The European Commission’s two leading commissioners, Viviane Reding (Telecoms) and Neelie Kroes (Competition) do not agree on functional separation as a driver of more competition in the market for next generation communications services, according to the Financial Times.
The European Commission’s two leading commissioners, Viviane Reding (Telecoms) and Neelie Kroes (Competition) do not agree on functional separation as a driver of more competition in the market for next generation communications services, according to the Financial Times. Regulators in France and Italy are already leaning in the direction of functional separation and I’m afraid Kroes’s staff is listening too much to “old skool” arguments.
While Reding cites to the example in the UK, where BT split its services and infrastructure businesses, with the result that there is more broadband competition in that country, Kroes believes that functional separation discourages investment.
I am not surprised by Neelie Kroes’s views on this but she does not ask the right questions: functional separation discourages investment — but by whom?
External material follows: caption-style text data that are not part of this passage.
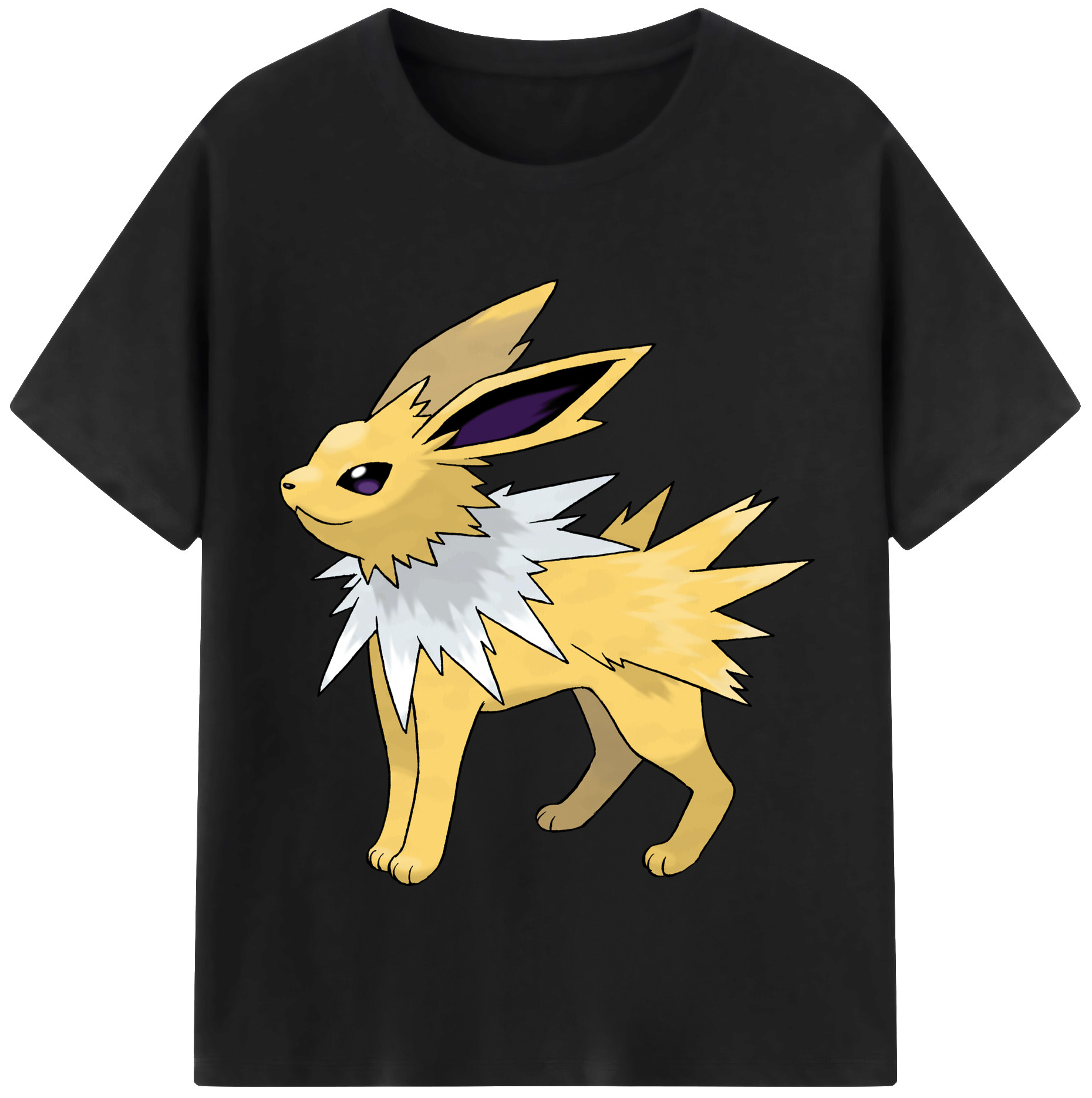 （画像用） ポケットモンスター Pokémon レディースカジュアルプリントTシャツ（綿100％）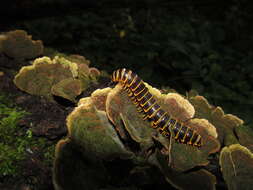 Слика од <i>Arthrophaga myriapodina</i>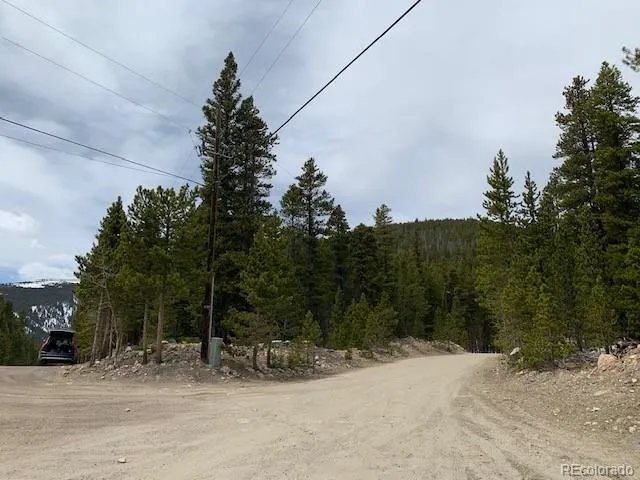 1090 Alice Road Idaho Springs, CO 80452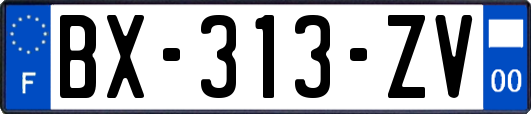 BX-313-ZV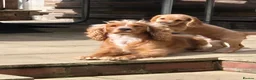 Cocker Spaniel dogs for sale: Cocker spaniels Barnsley area - Advert 22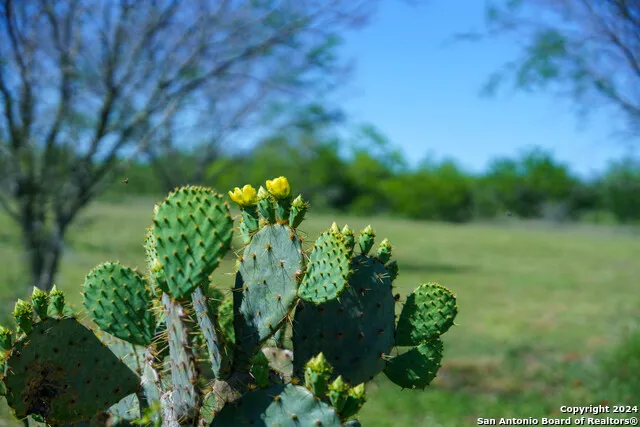 48.25 ACRES County Road 114 George West, TX 78466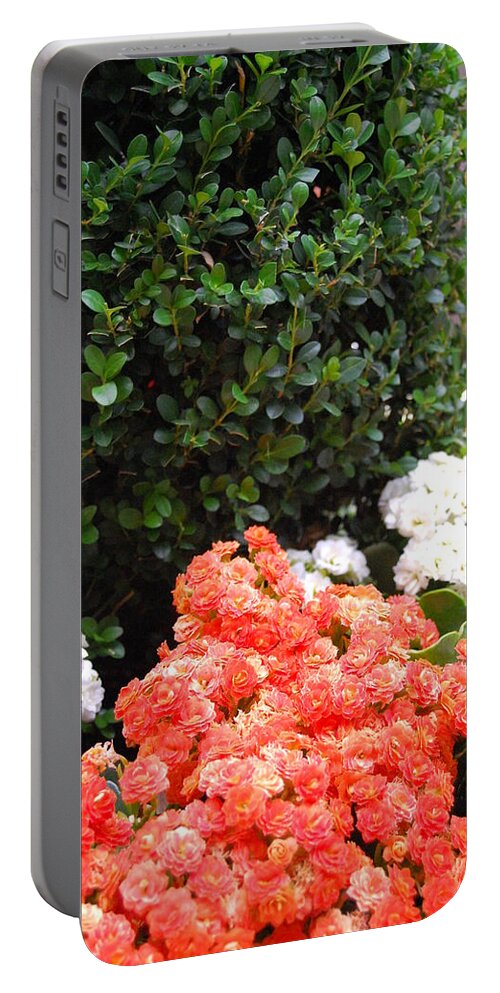 Mission Inn Portable Battery Charger featuring the photograph Mission Inn Flora by Amy Fose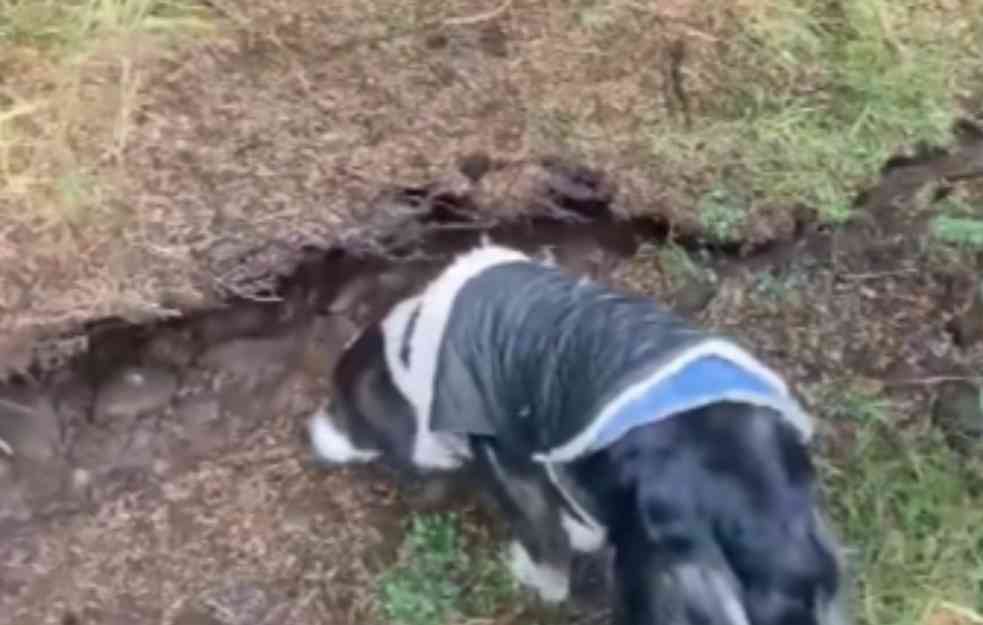 ŠETAO JE PSA I ZEMLJA SE ODJEDNOM PODIGLA: Kada je video prizor, pas se izbezumio (VIDEO)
If she’s looking only at telcos and cable companies, well of course, they want to own the customer, control things from end to end. But if she looks at the total investments made by service companies, software and content developers, well, decoupling infrastructure from services is a bonanza for everyone. The telecom and cable firms might complain but BT has shown that one can decouple and thrive.
The Amsterdam FTTH experience
Neelie Kroes made it very difficult for Amsterdam’s FTTH network, listening too much to the local telecom and cable incumbents. In the end the network deployment has gone ahead but not without legal entanglements. She goes up against behemoths like Microsoft who want to control the customer and the device, but does not do the same for large enterprises that want to control communications infrastrucutre.
She should ask why in the Netherlands (where she comes from), a densely populated country, we don’t have FTTH as vastly deployed as say, in Sweden. People here spend a lot of money on broadband and communications services.
An EU super regulator like the FCC?
Kroes’s second point – that the EU should not create a super regulator like the FCC, which is what Reding is pushing for – has something going for it.
One of the good things about the way telecom regulators are structured today – separate regulators per country – is that it is difficult for the big operators to lobby in one place. They have to go country by country.
If you have a forward thinking Commissioner like Reding, it’s nice to have a super European FCC led by her, but if you have a Kevin Martin sitting there, how unfortunate.
The way it is structured today, even if you have a European Chairman Martin, as long as there are country regulators like ARCEP (France) or Ofcom (UK) who are more forward thinking and understand functional separation, they can get it done in their own countries, show good results and the other countries will follow, regardless of what a Martin says. Eventually the European Chairman Martin has to cave in and acknowledge that it works. Since the EU now has 25 countries, that’s 25 chances to show things working well by doing them differently from what a Martin wants. With a super regulator FCC style, all innovation is squashed, if the regulator happens to be headed by a Martin; but with diffused regulation, you get more chances.